**Your assignment**
Output the data once more, exactly as given.

** Recorded information follows **

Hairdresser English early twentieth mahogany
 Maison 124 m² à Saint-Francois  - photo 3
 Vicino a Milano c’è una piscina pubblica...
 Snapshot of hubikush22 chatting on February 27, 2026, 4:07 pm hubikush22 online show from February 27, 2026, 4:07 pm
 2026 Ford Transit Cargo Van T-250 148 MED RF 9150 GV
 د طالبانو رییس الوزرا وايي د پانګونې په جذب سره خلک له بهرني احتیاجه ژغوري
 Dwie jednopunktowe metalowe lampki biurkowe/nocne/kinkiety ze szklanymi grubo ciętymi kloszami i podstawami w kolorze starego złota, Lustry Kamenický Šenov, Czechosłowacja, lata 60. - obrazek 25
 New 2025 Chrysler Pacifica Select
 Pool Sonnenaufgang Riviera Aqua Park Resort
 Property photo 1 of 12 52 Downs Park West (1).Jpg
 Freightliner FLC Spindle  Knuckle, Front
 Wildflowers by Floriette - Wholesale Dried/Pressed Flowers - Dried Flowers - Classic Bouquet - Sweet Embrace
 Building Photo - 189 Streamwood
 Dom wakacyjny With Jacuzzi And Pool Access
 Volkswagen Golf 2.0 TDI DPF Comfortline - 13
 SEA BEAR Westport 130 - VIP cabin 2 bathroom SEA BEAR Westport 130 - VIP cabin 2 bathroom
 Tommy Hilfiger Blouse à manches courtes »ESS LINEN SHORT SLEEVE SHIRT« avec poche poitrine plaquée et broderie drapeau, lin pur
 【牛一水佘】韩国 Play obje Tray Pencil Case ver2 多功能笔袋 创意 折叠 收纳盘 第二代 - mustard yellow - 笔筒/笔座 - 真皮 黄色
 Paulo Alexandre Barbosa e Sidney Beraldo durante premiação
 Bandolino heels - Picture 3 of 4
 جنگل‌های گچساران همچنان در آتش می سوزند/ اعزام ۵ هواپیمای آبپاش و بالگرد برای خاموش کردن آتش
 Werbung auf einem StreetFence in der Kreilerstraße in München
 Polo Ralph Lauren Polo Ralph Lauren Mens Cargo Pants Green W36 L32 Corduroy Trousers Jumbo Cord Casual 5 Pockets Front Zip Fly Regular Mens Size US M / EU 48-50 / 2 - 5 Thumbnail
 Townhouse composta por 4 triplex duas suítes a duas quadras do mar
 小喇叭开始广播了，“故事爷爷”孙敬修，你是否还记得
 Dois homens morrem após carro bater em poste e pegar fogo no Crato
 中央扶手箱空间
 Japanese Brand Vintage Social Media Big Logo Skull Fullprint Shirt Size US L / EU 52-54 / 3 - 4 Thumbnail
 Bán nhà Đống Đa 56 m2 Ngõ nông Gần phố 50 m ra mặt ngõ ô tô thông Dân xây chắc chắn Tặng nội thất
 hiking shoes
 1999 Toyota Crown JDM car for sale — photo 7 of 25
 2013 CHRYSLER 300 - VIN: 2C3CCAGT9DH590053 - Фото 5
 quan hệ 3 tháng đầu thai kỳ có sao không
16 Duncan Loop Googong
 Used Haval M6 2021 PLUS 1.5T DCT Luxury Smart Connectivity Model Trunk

** End of Recorded information **

**The completed task**
Hairdresser English early twentieth mahogany
 Maison 124 m² à Saint-Francois  - photo 3
 Vicino a Milano c’è una piscina pubblica...
 Snapshot of hubikush22 chatting on February 27, 2026, 4:07 pm hubikush22 online show from February 27, 2026, 4:07 pm
 2026 Ford Transit Cargo Van T-250 148 MED RF 9150 GV
 د طالبانو رییس الوزرا وايي د پانګونې په جذب سره خلک له بهرني احتیاجه ژغوري
 Dwie jednopunktowe metalowe lampki biurkowe/nocne/kinkiety ze szklanymi grubo ciętymi kloszami i podstawami w kolorze starego złota, Lustry Kamenický Šenov, Czechosłowacja, lata 60. - obrazek 25
 New 2025 Chrysler Pacifica Select
 Pool Sonnenaufgang Riviera Aqua Park Resort
 Property photo 1 of 12 52 Downs Park West (1).Jpg
 Freightliner FLC Spindle  Knuckle, Front
 Wildflowers by Floriette - Wholesale Dried/Pressed Flowers - Dried Flowers - Classic Bouquet - Sweet Embrace
 Building Photo - 189 Streamwood
 Dom wakacyjny With Jacuzzi And Pool Access
 Volkswagen Golf 2.0 TDI DPF Comfortline - 13
 SEA BEAR Westport 130 - VIP cabin 2 bathroom SEA BEAR Westport 130 - VIP cabin 2 bathroom
 Tommy Hilfiger Blouse à manches courtes »ESS LINEN SHORT SLEEVE SHIRT« avec poche poitrine plaquée et broderie drapeau, lin pur
 【牛一水佘】韩国 Play obje Tray Pencil Case ver2 多功能笔袋 创意 折叠 收纳盘 第二代 - mustard yellow - 笔筒/笔座 - 真皮 黄色
 Paulo Alexandre Barbosa e Sidney Beraldo durante premiação
 Bandolino heels - Picture 3 of 4
 جنگل‌های گچساران همچنان در آتش می سوزند/ اعزام ۵ هواپیمای آبپاش و بالگرد برای خاموش کردن آتش
 Werbung auf einem StreetFence in der Kreilerstraße in München
 Polo Ralph Lauren Polo Ralph Lauren Mens Cargo Pants Green W36 L32 Corduroy Trousers Jumbo Cord Casual 5 Pockets Front Zip Fly Regular Mens Size US M / EU 48-50 / 2 - 5 Thumbnail
 Townhouse composta por 4 triplex duas suítes a duas quadras do mar
 小喇叭开始广播了，“故事爷爷”孙敬修，你是否还记得
 Dois homens morrem após carro bater em poste e pegar fogo no Crato
 中央扶手箱空间
 Japanese Brand Vintage Social Media Big Logo Skull Fullprint Shirt Size US L / EU 52-54 / 3 - 4 Thumbnail
 Bán nhà Đống Đa 56 m2 Ngõ nông Gần phố 50 m ra mặt ngõ ô tô thông Dân xây chắc chắn Tặng nội thất
 hiking shoes
 1999 Toyota Crown JDM car for sale — photo 7 of 25
 2013 CHRYSLER 300 - VIN: 2C3CCAGT9DH590053 - Фото 5
 quan hệ 3 tháng đầu thai kỳ có sao không
16 Duncan Loop Googong
 Used Haval M6 2021 PLUS 1.5T DCT Luxury Smart Connectivity Model Trunk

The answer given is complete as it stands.